When square pixels aren't square

1 month ago (alexwlchan.net)

> Videos with non-square pixels are pretty rare...

Before HD, almost all video was non-square pixels. DVD is 720x480. SD channels on cable TV systems are 528x480.

  • >Before HD, almost all video was non-square pixels

    Correct. This came from the ITU-R BT.601 standard, one of the first digital video standards authors of which chose to define digital video as a sampled analog signal. Analog video never had a concept of pixels and operated on lines instead. The rate at which you could sample it could be arbitrary, and affected only the horizontal resolution. The rate chosen by BT.601 was 13.5 MHz, which resulted in a 10/11 pixel aspect ratio for 4:3 NTSC video and 59/54 for 4:3 PAL.
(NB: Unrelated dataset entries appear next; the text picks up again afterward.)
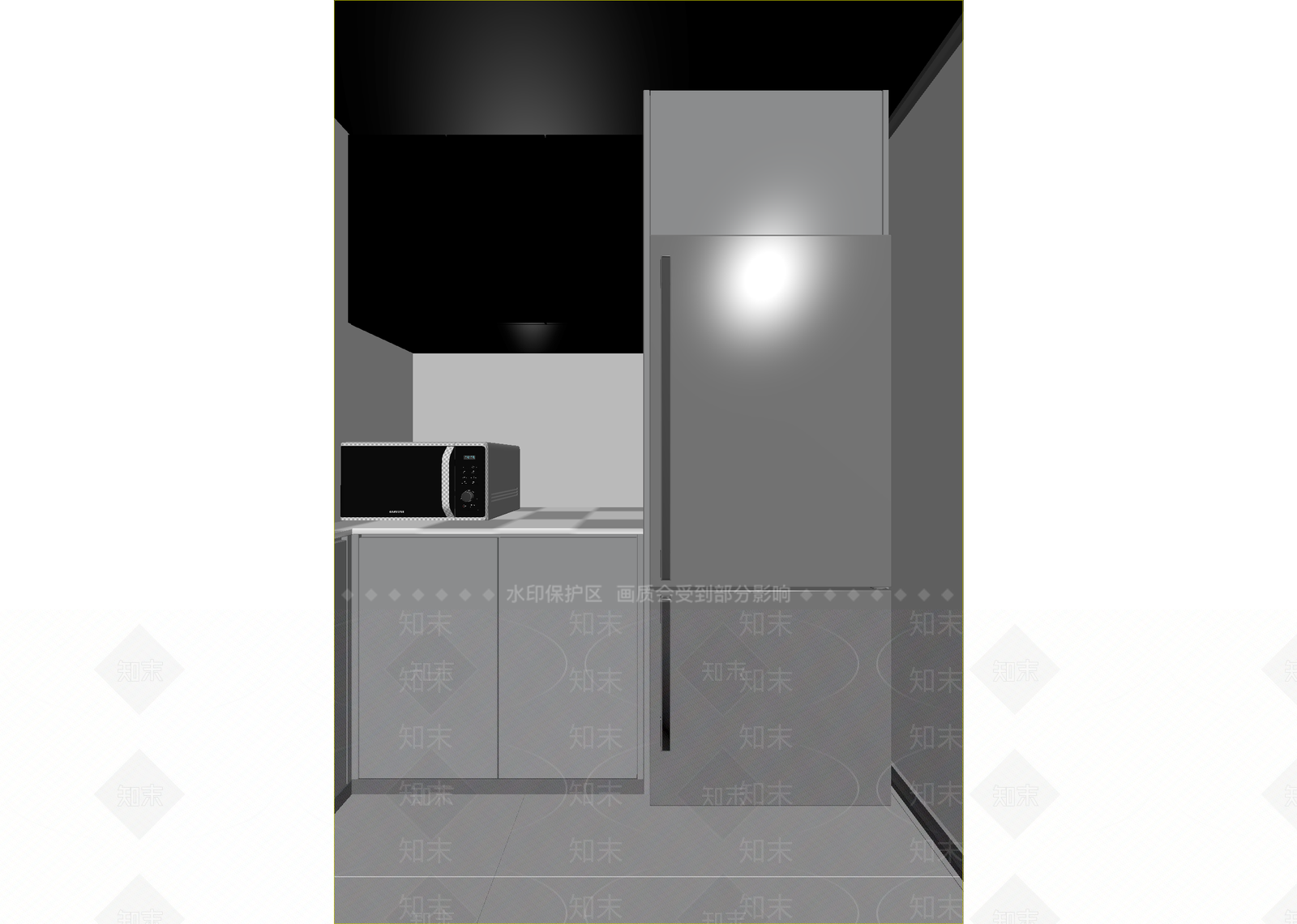 现代开放式厨房3D模型下载【ID:1214784269】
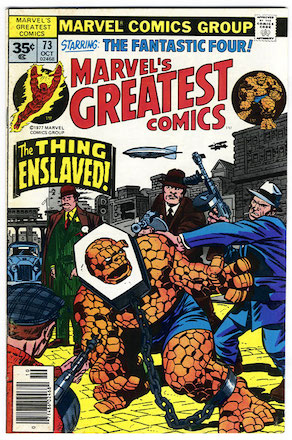 Marvel's Greatest Comics #73 Marvel 35c Variant
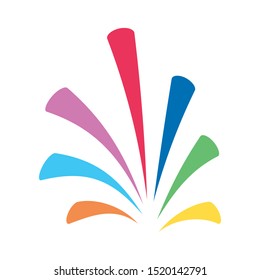 Fireworks graphic design template vector isolated illustration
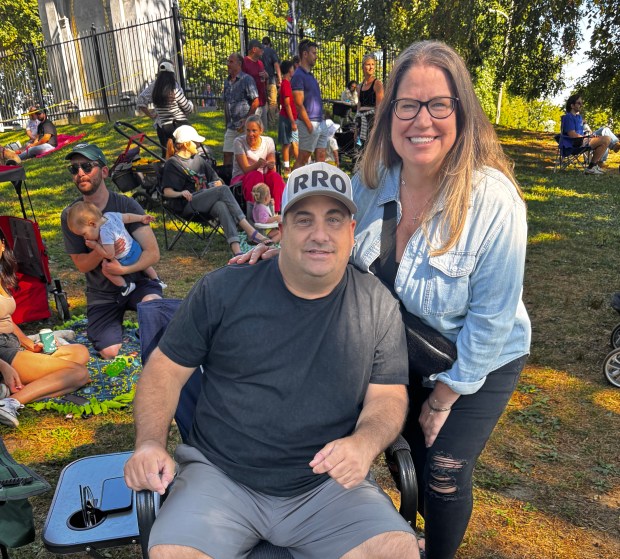 Tom “Beacons” Handzus and Melinda Volpe took advantage of the...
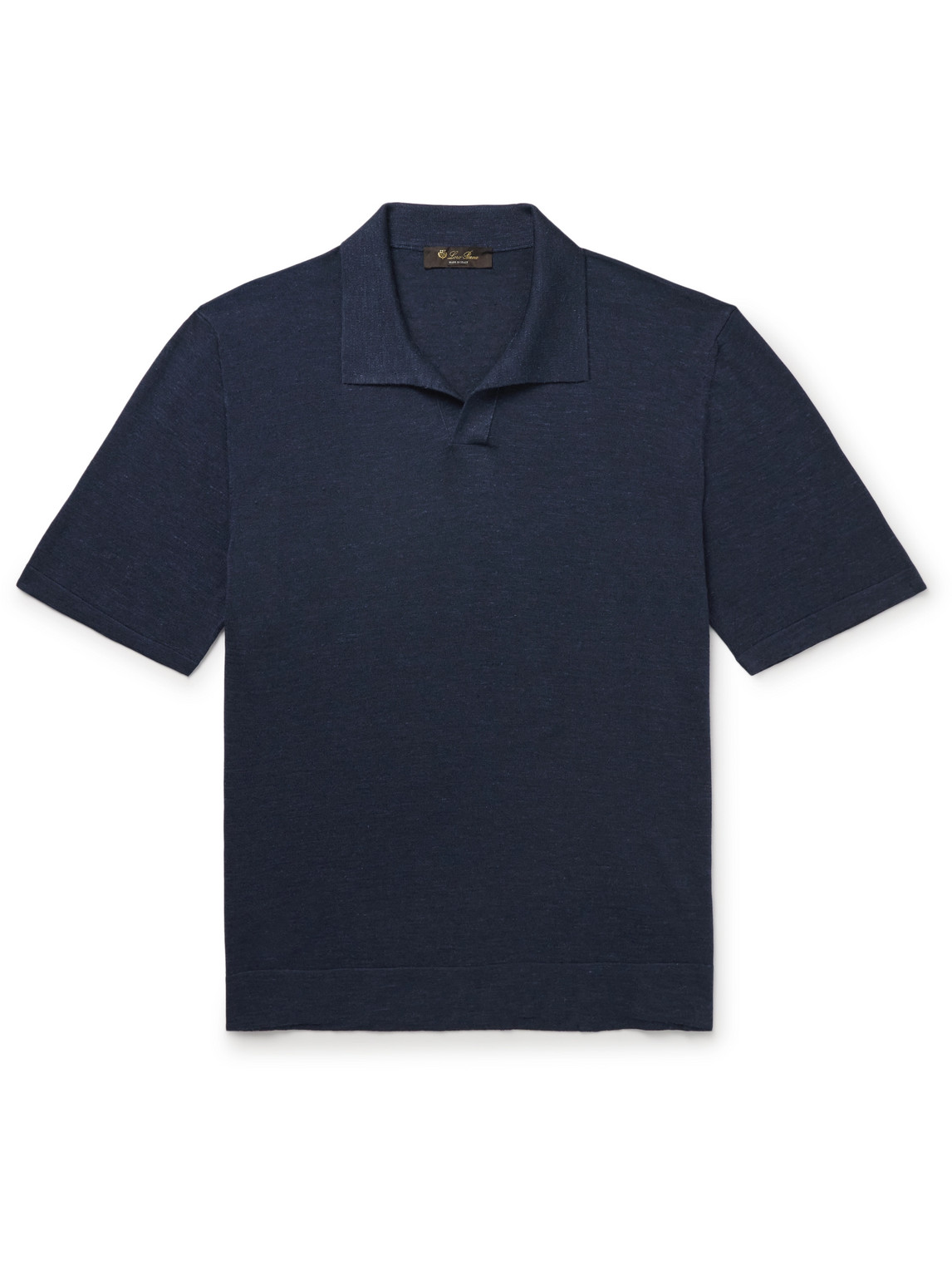 Loro Piana – Silk, Cashmere and Linen-Blend Polo Shirt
    >SD channels on cable TV systems are 528x480

    I'm not actually sure about America, but here in Europe most digital cable and satellite SDTV is delivered as 720x576i 4:2:0 MPEG-2 Part 2. There are some outliers that use 544x576i, however.

    • Good post. For anyone wondering "why do we have these particular resolutions, sampling and frame rates, which seem quite random", allow me to expand and add some color to your post (pun intended). Similar to how modern railroad track widths can be traced back to the wheel widths of roman chariots, modern digital video standards still reverberate with echoes from 1930s black-and-white television standards.

      BT.601 is from 1982 and was the first widely adopted analog component video standard (sampling analog video into 3 color components (YUV) at 13.5 MHz). Prior to BT.601, the main standard for video was SMPTE 244M created by the Society of Motion Picture and Television Engineers, a composite video standard which sampled analog video at 14.32 MHz. Of course, a higher sampling rate is, all things equal, generally better. The reason for BT.601 being lower (13.5 MHz) was a compromise - equal parts technical and political.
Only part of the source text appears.